Don Quixote was born in a tumultuous time. Christian Europe had taken back the Spanish peninsula and the European continent was transforming from warring fiefdoms with knights wielding swords to warring nation-states with infantry wielding pikes.
When Cervantes created the timeless “Man of La Mancha” (1605) in Habsburg Spain, tales of knights and courtly love which had been the exclusive form of secular entertainment for a thousand years were losing their relevance. Such courtly tales equated love with intense emotion and dialogue, inspiring the hero to deeds of honor.

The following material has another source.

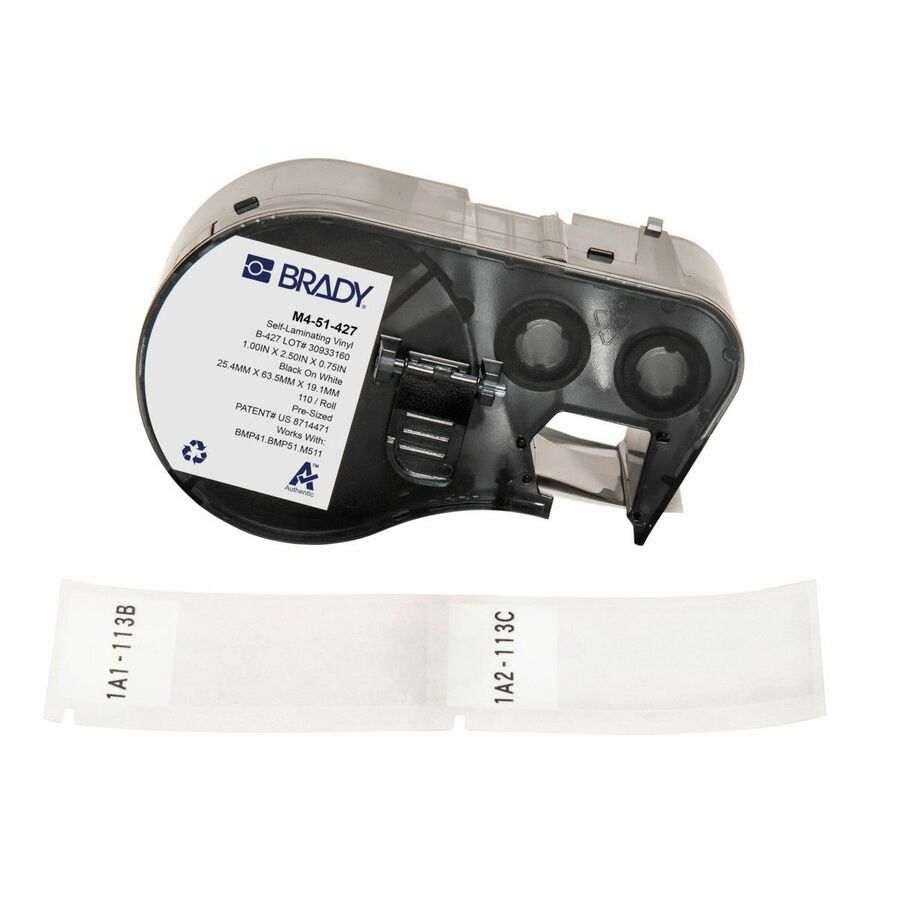 Brady Adhesive Vinyl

The “fireside confession of love” is a standard, set-piece in knightly stories of courtly love. “Star Wars” includes a heavy dose of chivalric themes and provides the best cinematic example of this “lovers-at-fireside” trope. Try to ignore the cringy, awkward chemistry between these two distractingly beautiful actors.
Don Quixote is thus a literary burlesque of chivalric romance and makes Quixote a tragic figure seeking individual salvation as a Man of Honor in a time of community collapse. In such a world Don Quixote appears demented, but I believe Cervantes means for Quixote to represent the last sane man in a world gone mad.
This tragic interpretation of Quixote is, I respectfully suggest, the one that inspired Richard Strauss’ eponymous 1897 tone poem.
Strauss’s Don Quixote
Richard Strauss was a musical storyteller and prolific composer of operas and tone poems like Don Quixote. Although out of fashion, orchestral tone poems are essentially soundtracks to familiar tales, with individual instruments acting as characters telling the story.
BPO Principal cellist Roman Mekinulov portrayed our doomed hero and BPO violist Caroline Gilbert his faithful squire Sancho Panza. Music Director JoAnn Falletta introduced the musical narrative in her friendly, conversational style and the BPO gave an exemplary performance.
Mekinulov’s warm cello was a hero worth believing in and Gilbert’s sympathetic, trilling viola was never far away. Dissonant flutter-tonguing brass emulated bleating sheep and a steam-punk “wind machine” was employed to great effect.
The Spanish-themed concert opened with Rapsodie Espagnol (1907), which lacked energy and felt under-rehearsed. That said, the woodwinds were a highlight, executing Ravel’s demanding score in fine form.